### The records

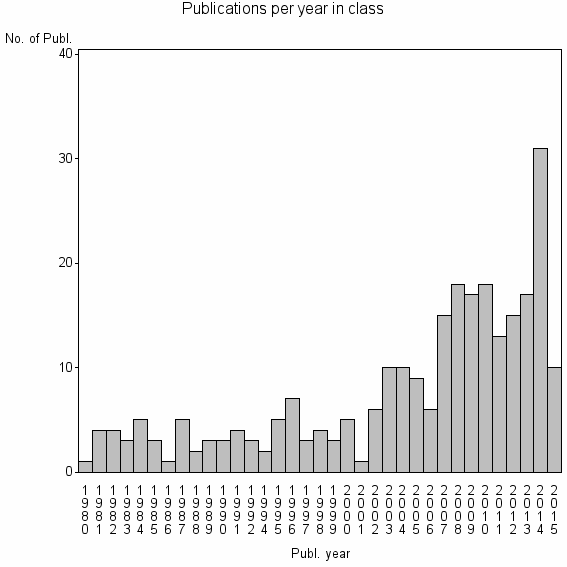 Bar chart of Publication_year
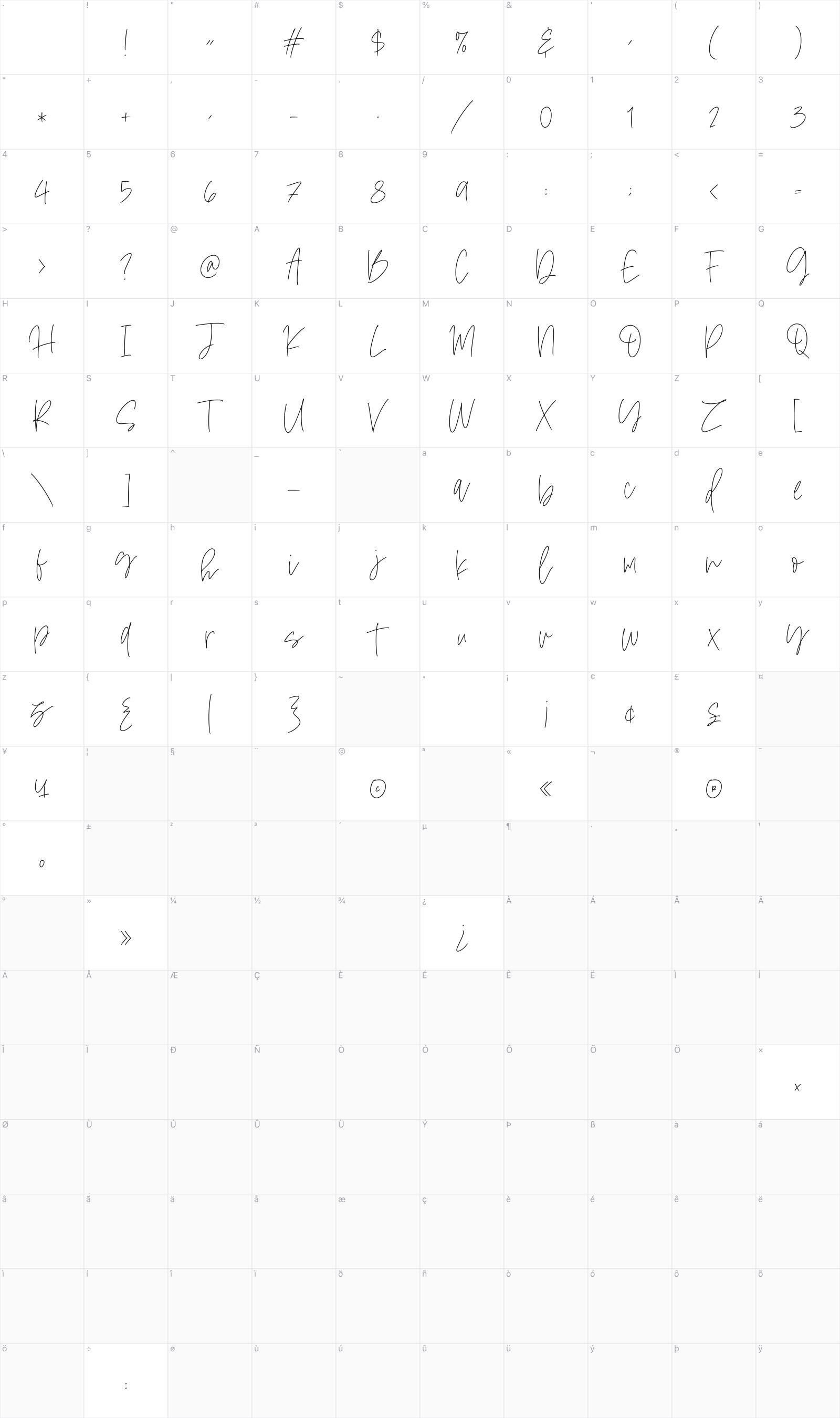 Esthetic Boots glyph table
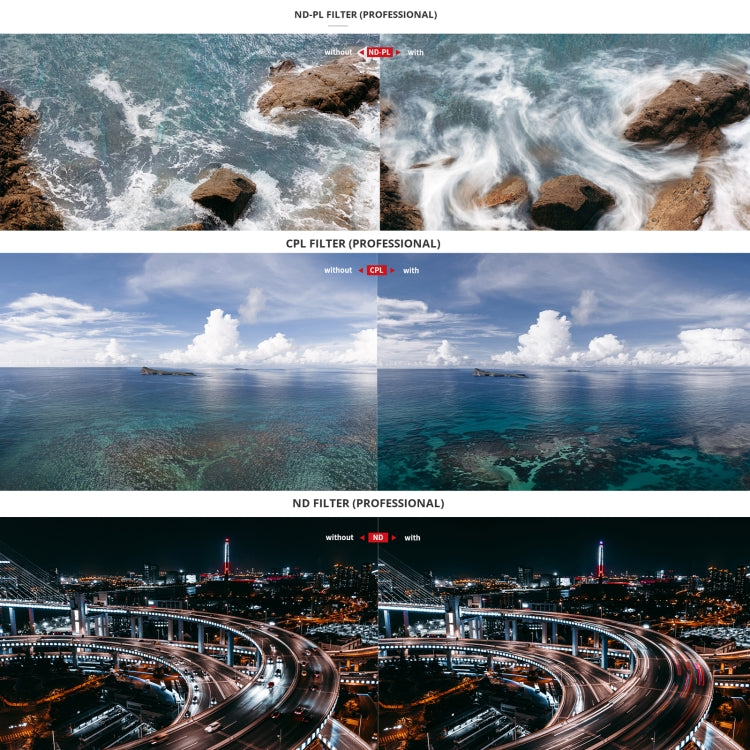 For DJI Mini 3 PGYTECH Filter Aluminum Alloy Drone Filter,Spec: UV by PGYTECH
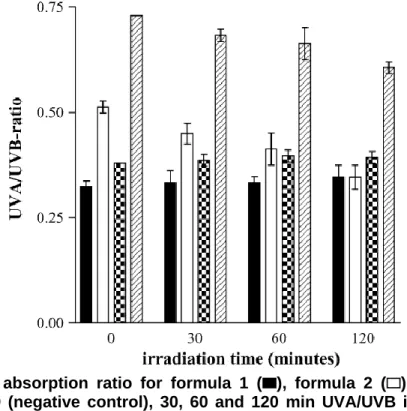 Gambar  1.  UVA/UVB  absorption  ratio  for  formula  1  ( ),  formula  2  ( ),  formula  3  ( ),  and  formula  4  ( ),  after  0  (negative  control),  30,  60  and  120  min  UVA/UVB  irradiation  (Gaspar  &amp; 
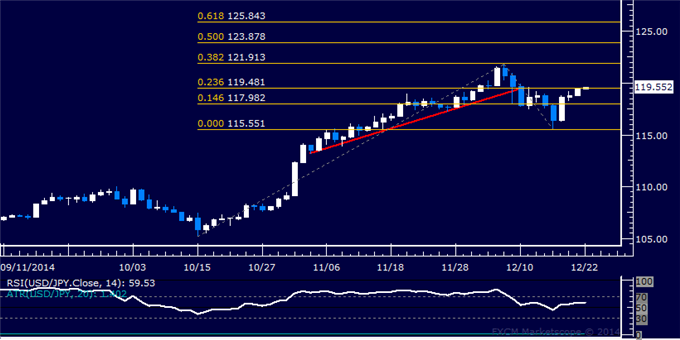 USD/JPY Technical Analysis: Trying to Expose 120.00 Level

### Work instructions
The copy must start at the line containing "Esthetic Boots glyph table" and end at the last line of the data, matching each line exactly. It must hold no pictures.

### Result for this exercise
 Esthetic Boots glyph table
 For DJI Mini 3 PGYTECH Filter Aluminum Alloy Drone Filter,Spec: UV by PGYTECH
 Gambar  1.  UVA/UVB  absorption  ratio  for  formula  1  ( ),  formula  2  ( ),  formula  3  ( ),  and  formula  4  ( ),  after  0  (negative  control),  30,  60  and  120  min  UVA/UVB  irradiation  (Gaspar  &amp; 
 USD/JPY Technical Analysis: Trying to Expose 120.00 Level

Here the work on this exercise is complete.